ABOUT THIS TASK: Could you reproduce the lines below from the one with "jordan 11 reverse" through the one with "Колпачок катушки зажигания для мотоцикла"? Keep both ends and add nothing.

Records excerpted from a collection:

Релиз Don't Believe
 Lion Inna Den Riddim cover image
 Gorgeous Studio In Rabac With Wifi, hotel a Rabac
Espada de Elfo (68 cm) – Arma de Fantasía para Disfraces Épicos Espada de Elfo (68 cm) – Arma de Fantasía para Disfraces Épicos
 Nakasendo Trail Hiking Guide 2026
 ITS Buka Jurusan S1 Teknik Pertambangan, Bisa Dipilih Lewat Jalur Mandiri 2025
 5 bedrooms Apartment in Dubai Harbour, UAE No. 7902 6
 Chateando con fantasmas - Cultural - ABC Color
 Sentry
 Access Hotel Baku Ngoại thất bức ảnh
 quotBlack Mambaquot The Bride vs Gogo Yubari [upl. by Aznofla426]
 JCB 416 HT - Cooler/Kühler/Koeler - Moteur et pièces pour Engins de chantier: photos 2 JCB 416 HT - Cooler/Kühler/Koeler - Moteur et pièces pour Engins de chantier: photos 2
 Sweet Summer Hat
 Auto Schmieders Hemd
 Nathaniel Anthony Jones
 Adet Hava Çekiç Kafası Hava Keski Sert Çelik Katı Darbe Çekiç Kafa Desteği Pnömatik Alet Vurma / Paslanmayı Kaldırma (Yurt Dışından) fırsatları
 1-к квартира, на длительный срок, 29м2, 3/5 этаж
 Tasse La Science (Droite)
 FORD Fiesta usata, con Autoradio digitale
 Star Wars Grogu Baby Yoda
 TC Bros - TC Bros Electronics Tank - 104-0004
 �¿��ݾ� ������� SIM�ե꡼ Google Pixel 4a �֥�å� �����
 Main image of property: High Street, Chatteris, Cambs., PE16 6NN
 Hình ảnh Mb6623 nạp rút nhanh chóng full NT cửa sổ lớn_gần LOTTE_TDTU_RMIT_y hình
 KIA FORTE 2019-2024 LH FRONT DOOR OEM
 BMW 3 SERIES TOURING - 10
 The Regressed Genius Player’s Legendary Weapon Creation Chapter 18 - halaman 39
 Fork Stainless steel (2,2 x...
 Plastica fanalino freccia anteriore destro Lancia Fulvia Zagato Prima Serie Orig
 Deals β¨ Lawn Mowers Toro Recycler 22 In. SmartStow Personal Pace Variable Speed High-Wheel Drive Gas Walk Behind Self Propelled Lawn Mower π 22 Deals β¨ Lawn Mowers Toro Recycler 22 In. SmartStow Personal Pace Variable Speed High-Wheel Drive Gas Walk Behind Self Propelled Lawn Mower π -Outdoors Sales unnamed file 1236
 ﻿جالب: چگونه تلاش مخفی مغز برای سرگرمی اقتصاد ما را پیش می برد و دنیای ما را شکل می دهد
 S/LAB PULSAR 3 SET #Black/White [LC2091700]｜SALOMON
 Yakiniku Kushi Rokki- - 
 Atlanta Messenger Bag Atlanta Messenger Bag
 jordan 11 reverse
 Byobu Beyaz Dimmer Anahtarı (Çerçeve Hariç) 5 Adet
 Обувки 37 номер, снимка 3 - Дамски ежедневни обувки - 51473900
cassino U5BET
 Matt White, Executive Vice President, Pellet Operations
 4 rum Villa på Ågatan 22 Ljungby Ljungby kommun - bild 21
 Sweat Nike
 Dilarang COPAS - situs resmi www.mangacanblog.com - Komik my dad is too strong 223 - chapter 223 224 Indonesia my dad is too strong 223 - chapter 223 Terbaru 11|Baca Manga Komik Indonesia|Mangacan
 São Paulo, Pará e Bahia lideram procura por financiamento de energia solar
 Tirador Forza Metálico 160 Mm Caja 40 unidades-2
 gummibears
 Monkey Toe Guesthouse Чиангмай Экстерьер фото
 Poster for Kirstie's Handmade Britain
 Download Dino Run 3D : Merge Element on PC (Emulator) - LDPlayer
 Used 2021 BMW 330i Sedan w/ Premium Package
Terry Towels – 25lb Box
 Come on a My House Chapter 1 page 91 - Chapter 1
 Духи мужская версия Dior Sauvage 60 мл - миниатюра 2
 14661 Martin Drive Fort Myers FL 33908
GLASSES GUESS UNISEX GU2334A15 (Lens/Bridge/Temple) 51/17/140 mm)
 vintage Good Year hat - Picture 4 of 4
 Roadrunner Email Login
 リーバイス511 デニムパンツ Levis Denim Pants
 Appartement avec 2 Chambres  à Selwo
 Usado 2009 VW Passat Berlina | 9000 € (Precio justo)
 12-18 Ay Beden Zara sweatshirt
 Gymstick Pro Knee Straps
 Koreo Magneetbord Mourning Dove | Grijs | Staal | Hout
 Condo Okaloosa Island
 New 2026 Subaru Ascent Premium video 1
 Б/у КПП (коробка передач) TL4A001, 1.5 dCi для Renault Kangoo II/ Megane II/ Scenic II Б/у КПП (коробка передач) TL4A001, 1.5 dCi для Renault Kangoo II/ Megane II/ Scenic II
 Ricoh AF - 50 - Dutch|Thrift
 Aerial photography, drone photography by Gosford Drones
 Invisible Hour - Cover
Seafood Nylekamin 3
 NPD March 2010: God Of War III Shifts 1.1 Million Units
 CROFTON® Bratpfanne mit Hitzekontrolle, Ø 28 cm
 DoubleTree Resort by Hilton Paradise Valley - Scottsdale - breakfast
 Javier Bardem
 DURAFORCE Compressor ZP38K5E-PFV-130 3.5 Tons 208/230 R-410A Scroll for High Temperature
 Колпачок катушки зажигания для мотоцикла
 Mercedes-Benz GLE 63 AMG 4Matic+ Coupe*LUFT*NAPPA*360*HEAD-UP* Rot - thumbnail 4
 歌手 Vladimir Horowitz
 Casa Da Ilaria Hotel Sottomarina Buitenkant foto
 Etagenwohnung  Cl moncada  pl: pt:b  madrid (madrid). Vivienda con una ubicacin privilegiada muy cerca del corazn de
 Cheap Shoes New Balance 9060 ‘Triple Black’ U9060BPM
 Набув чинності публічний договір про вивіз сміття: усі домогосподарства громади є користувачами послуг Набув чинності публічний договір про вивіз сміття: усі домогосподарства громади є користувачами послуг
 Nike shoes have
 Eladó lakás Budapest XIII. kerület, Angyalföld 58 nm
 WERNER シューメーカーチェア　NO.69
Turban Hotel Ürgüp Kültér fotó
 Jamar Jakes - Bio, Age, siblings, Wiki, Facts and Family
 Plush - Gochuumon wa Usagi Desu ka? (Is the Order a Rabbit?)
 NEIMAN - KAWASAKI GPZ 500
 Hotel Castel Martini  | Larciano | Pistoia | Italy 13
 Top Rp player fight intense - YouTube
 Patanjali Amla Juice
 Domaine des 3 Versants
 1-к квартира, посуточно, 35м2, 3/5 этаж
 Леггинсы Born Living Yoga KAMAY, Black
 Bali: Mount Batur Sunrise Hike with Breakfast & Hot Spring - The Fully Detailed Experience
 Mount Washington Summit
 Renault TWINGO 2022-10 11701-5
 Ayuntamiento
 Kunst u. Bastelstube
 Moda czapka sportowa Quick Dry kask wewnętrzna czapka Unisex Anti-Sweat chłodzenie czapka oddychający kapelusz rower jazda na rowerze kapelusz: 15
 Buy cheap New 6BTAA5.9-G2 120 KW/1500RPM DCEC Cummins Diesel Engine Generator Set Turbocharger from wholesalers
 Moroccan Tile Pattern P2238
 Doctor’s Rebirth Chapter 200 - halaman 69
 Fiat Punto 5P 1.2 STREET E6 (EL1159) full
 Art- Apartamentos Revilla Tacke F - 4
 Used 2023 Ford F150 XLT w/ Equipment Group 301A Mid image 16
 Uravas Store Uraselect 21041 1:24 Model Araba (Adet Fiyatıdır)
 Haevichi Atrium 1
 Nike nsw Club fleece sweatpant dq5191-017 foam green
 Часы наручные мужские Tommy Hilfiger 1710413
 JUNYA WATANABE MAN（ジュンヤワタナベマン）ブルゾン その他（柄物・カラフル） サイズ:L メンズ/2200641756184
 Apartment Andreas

RESPONSE TO THE TASK:
 jordan 11 reverse
 Byobu Beyaz Dimmer Anahtarı (Çerçeve Hariç) 5 Adet
 Обувки 37 номер, снимка 3 - Дамски ежедневни обувки - 51473900
cassino U5BET
 Matt White, Executive Vice President, Pellet Operations
 4 rum Villa på Ågatan 22 Ljungby Ljungby kommun - bild 21
 Sweat Nike
 Dilarang COPAS - situs resmi www.mangacanblog.com - Komik my dad is too strong 223 - chapter 223 224 Indonesia my dad is too strong 223 - chapter 223 Terbaru 11|Baca Manga Komik Indonesia|Mangacan
 São Paulo, Pará e Bahia lideram procura por financiamento de energia solar
 Tirador Forza Metálico 160 Mm Caja 40 unidades-2
 gummibears
 Monkey Toe Guesthouse Чиангмай Экстерьер фото
 Poster for Kirstie's Handmade Britain
 Download Dino Run 3D : Merge Element on PC (Emulator) - LDPlayer
 Used 2021 BMW 330i Sedan w/ Premium Package
Terry Towels – 25lb Box
 Come on a My House Chapter 1 page 91 - Chapter 1
 Духи мужская версия Dior Sauvage 60 мл - миниатюра 2
 14661 Martin Drive Fort Myers FL 33908
GLASSES GUESS UNISEX GU2334A15 (Lens/Bridge/Temple) 51/17/140 mm)
 vintage Good Year hat - Picture 4 of 4
 Roadrunner Email Login
 リーバイス511 デニムパンツ Levis Denim Pants
 Appartement avec 2 Chambres  à Selwo
 Usado 2009 VW Passat Berlina | 9000 € (Precio justo)
 12-18 Ay Beden Zara sweatshirt
 Gymstick Pro Knee Straps
 Koreo Magneetbord Mourning Dove | Grijs | Staal | Hout
 Condo Okaloosa Island
 New 2026 Subaru Ascent Premium video 1
 Б/у КПП (коробка передач) TL4A001, 1.5 dCi для Renault Kangoo II/ Megane II/ Scenic II Б/у КПП (коробка передач) TL4A001, 1.5 dCi для Renault Kangoo II/ Megane II/ Scenic II
 Ricoh AF - 50 - Dutch|Thrift
 Aerial photography, drone photography by Gosford Drones
 Invisible Hour - Cover
Seafood Nylekamin 3
 NPD March 2010: God Of War III Shifts 1.1 Million Units
 CROFTON® Bratpfanne mit Hitzekontrolle, Ø 28 cm
 DoubleTree Resort by Hilton Paradise Valley - Scottsdale - breakfast
 Javier Bardem
 DURAFORCE Compressor ZP38K5E-PFV-130 3.5 Tons 208/230 R-410A Scroll for High Temperature
 Колпачок катушки зажигания для мотоцикла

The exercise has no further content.